Plotseling kwam er, Allah de verhevene wilde het zo, een Frankisch12 schip uit het land Manila13 aan dat buitengewoon veel vreemdelingen aan boord had die handel gingen drijven in het land Melaka. De kapitein van het schip14 ging zijn opwachting maken bij bendahara Paduka Raja, met buitengewoon veel vergulde geschenken bij zich. Daarna nam hij die ook mee voor de temenggung, de laksamana en puteri Gunung Ledang.15
De kapitein zei tegen de bendahara: 'Waar op het plein bij de toegangspoort van het land Melaka is een plek om een pakhuis neer te zetten?'
Van de bendahara, die overlegd had met de temenggung, de laksamana en alle ministers en ambtenaren samen, kreeg hij te horen dat hij zo'n plek om een pakhuis neer te zetten niet mocht hebben maar dat hij alleen maar handel mocht drijven vanaf de boot. Nadat de handel gedreven was, zeilde het Frankisch schip terug naar eigen land, het rijk Portugal. Het jaar daarna kwam er weer een buitengewoon groot schip uit het land Portugal.

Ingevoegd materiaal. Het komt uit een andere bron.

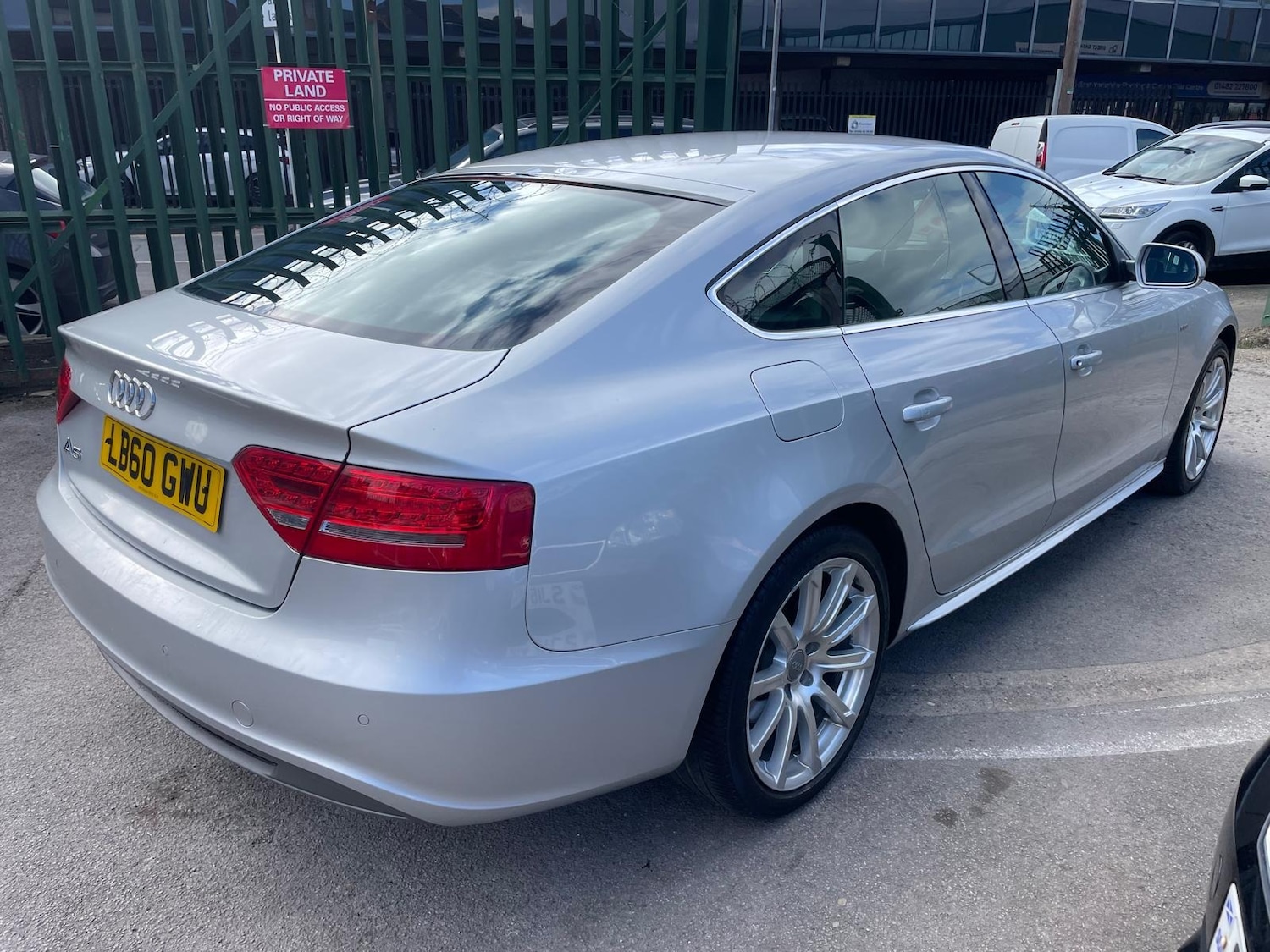 Used Audi A5 2011 for sale - 78107049: Photo 7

De Frankische kapitein16 kwam ook nu weer met goud, zilver en buitengewoon veel wapens aan boord, maar het schip had afgezien daarvan ook nog eens poeder voor kogels in de lading en was bovendien nog volgestopt met zowel steen als gereedschap die kant en klaar stonden voor de aanleg van een pakhuis. De Frankische kapitein ging zijn opwachting maken bij puteri Gunung Ledang met als geschenk tientallen baren17 goud en zilver bij zich en deed haar het verzoek om aan wal een lapje grond te mogen kopen om handel te drijven dat maar zo groot zou hoeven zijn als de gelooide huid van een geit. Puteri Gunung Ledang deelde hem haar vorstelijk besluit mee: 'Goed, welke prijs wil je bieden voor die lap leer? Ik wil als prijs een hoop realen18 die zo groot is als die lap leer, maar ook zo hoog.'
De Frankische kapitein zei: 'Goed dan, uw dienaar geeft wat de raja hebben wil.'
De scheepskapitein stuurde een matroos van hem naar het schip toe om de realen te gaan halen die in stapels aan de raja gegeven zouden worden.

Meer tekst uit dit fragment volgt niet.